M.C. v Huntington Hosp., 2019 NY Slip Op 06186 (2d Dept. 2019)

This must be my new favorite topic.

“While it is true that a medical expert need not be a specialist in a particular field in order to testify regarding accepted practices in that field . . . the witness nonetheless should be possessed of the requisite skill, training, education, knowledge or experience from which it can be assumed that the opinion rendered is reliable'” (Behar v Coren, 21 AD3d 1045, 1046-1047, quoting Postlethwaite v United Health Servs. Hosps., 5 AD3d 892, 895). “Thus, where a physician opines outside his or her area of specialization, a foundation must be laid tending to support the reliability of the opinion rendered” (Behar v Coren, 21 AD3d at 1047; see Galluccio v Grossman, 161 AD3d 1049, 1052). The plaintiffs’ expert, who was board certified in pediatric emergency medicine, was qualified to opine as to whether the delays in diagnosing and treating the infant plaintiff’s testicular torsion, an emergent condition, deviated from the accepted standard of care and whether the deviations were a proximate cause of the loss of the infant plaintiff’s testicle (see Simpson v Edghill, 169 AD3d 737, 738-739).”
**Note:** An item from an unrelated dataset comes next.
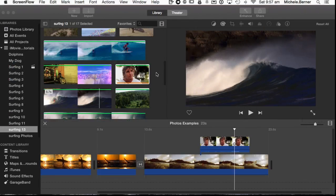In this iMovie tutorial we're going to look at Picture in Picture. Now I have an example of that already completed here and I'll show you how I created it.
“The fact that the plaintiffs’ expert is not a urologist or surgeon is not material, as the plaintiffs are not alleging that DiBlasio improperly performed the surgery to treat the testicular torsion. Rather, they allege that the defendants improperly delayed the diagnosis and treatment of the infant plaintiff’s testicular torsion in the emergency room, causing a delay in the surgery and the eventual loss of the testicle. The plaintiffs’ expert laid the requisite foundation for his asserted familiarity with emergency medicine and the treatment of young adolescent males for various conditions, including testicular torsion. As a pediatric emergency physician, he is qualified to render an opinion in this case regarding the defendants’ actions in the emergency room.”
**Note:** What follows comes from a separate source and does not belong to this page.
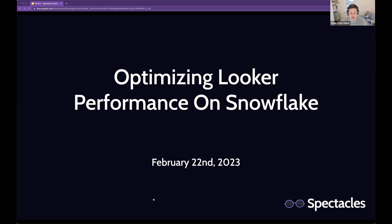Hello, everyone. Welcome to this week's webinar. Today, we're going to be talking about optimizing Looker performance on Snowflake. I'm very grateful to have Niall Woodward here, who has done a ton of work on Snowflake to optimize it and help companies get their costs under control — which is obviously something lots of orgs using Snowflake battle with on a day-to-day basis — and also how to get the most performance out of it. You don't just want to cut costs; you want to make sure that your queries run smoothly.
“While the plaintiff’s expert was licensed to practice in Connecticut, rather than in New York State, an expert need not be from the exact same locality as where the occurrence took place. It is sufficient if the expert attests to familiarity with either the standard of care in the locality or to a minimum standard applicable locally, statewide, or nationally (see McCollough v University of Rochester Strong Mem. Hosp., 17 AD3d 1063Hoagland v Kamp, 155 AD2d 148, 150; Payant v Imobersteg, 256 AD2d 702, 705). The affirmation of the plaintiff’s expert sufficiently identified, and assessed the defendants’ conduct against, a relevant standard of care.”

I have yet to see an out of scope provider establish the proper foundation except in my no-fault case where Dr. Tamburro’s (our favorite pediatrician) affidavit would obviously fail these tests. Smh.

No jurisdiction August 18, 2019

EMC Health Prods., Inc. v Maryland Auto. Ins. Fund, 2019 NY Slip Op 51316(U)(App. Term 2d Dept. 2019)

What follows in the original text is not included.